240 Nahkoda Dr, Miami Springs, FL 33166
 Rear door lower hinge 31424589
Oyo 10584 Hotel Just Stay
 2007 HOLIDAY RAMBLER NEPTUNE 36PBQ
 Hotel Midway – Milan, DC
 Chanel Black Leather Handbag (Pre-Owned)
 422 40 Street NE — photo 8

****************************************

§ **Problem details**: Copy, without any change, the lines from the one that contains "Chanel Black Leather Handbag (Pre-Owned)" to the final line of the entries above.

§ **Solution for this task**:
 Chanel Black Leather Handbag (Pre-Owned)
 422 40 Street NE — photo 8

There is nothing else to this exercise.